# TASK STATEMENT
Reproduce the records exactly, beginning with their first line and ending with the line that contains "北台南家扶中心寄養家庭親子學", and output nothing more.

# SOURCE RECORDS
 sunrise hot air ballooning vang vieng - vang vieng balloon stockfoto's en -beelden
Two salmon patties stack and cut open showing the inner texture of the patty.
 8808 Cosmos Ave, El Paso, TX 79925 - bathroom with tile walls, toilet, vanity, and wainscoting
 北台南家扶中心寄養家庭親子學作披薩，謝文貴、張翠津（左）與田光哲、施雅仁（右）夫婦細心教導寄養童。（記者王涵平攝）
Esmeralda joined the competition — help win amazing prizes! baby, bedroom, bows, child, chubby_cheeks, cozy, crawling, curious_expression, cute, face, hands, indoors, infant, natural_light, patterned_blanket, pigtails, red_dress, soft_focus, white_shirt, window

# ANSWER BOX
 sunrise hot air ballooning vang vieng - vang vieng balloon stockfoto's en -beelden
Two salmon patties stack and cut open showing the inner texture of the patty.
 8808 Cosmos Ave, El Paso, TX 79925 - bathroom with tile walls, toilet, vanity, and wainscoting
 北台南家扶中心寄養家庭親子學作披薩，謝文貴、張翠津（左）與田光哲、施雅仁（右）夫婦細心教導寄養童。（記者王涵平攝）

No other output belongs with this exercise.